It is never a good idea to make blanket statements about anything. To say that all public schools are failing is incorrect. To say that all charter schools are successful is also incorrect. What works for the charter school, Harlem Success Academy, are the same things that will work for the “zoned” or regular public school, PS194; that is educators, parents, and community ALL working together, on the same page, with the same goals in sight to create an academically conducive environment.

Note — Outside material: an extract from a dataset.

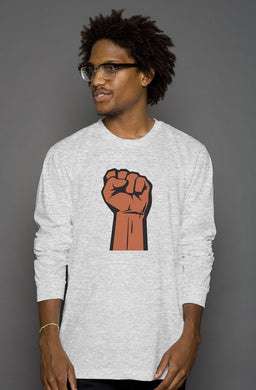 SMF Power Grey sleeve tee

I would bet that the parents of the zoned school have children who have experienced some success at PS194. Why else would they be fighting so vigorously to keep their school in their neighborhood? And I would further wager that those PS194 children have experienced that degree of successful because for them EVERYBODY, all the stakeholders in their success—educators, parents, and community—are on board. (I’m not using community in the broad definition as a physical location or neighborhood, but rather a social term for a group of people, regardless of physical location, that are organized around common values and interests.) What makes the Harlem Success Academy a success is that it starts with a community that has set its values and goals on getting their students into and through college. Then it allows families who want the same goals for their children to vie for a spot, via a lottery. Harlem Success Academy, one community, one mindset. The communities of PS194—not so single-minded.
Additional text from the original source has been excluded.